EXERCISE:
A verbatim copy of every entry is required.

RECORDED DATA:
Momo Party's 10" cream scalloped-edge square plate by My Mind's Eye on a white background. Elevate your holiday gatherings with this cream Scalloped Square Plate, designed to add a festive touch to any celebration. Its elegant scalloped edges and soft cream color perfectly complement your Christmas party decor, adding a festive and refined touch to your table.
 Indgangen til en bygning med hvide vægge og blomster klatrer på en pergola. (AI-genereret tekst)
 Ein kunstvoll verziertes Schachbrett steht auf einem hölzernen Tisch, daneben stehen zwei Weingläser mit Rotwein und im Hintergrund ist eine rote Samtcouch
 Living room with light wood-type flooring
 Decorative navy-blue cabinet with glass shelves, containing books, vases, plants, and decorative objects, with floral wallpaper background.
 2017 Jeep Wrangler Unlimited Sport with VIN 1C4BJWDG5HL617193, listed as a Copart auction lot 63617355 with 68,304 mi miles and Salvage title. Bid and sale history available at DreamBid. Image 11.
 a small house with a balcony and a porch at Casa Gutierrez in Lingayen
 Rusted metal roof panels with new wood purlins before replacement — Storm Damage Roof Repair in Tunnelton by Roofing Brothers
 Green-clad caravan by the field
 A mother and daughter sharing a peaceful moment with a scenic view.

RESPONSE AREA:
Momo Party's 10" cream scalloped-edge square plate by My Mind's Eye on a white background. Elevate your holiday gatherings with this cream Scalloped Square Plate, designed to add a festive touch to any celebration. Its elegant scalloped edges and soft cream color perfectly complement your Christmas party decor, adding a festive and refined touch to your table.
 Indgangen til en bygning med hvide vægge og blomster klatrer på en pergola. (AI-genereret tekst)
 Ein kunstvoll verziertes Schachbrett steht auf einem hölzernen Tisch, daneben stehen zwei Weingläser mit Rotwein und im Hintergrund ist eine rote Samtcouch
 Living room with light wood-type flooring
 Decorative navy-blue cabinet with glass shelves, containing books, vases, plants, and decorative objects, with floral wallpaper background.
 2017 Jeep Wrangler Unlimited Sport with VIN 1C4BJWDG5HL617193, listed as a Copart auction lot 63617355 with 68,304 mi miles and Salvage title. Bid and sale history available at DreamBid. Image 11.
 a small house with a balcony and a porch at Casa Gutierrez in Lingayen
 Rusted metal roof panels with new wood purlins before replacement — Storm Damage Roof Repair in Tunnelton by Roofing Brothers
 Green-clad caravan by the field
 A mother and daughter sharing a peaceful moment with a scenic view.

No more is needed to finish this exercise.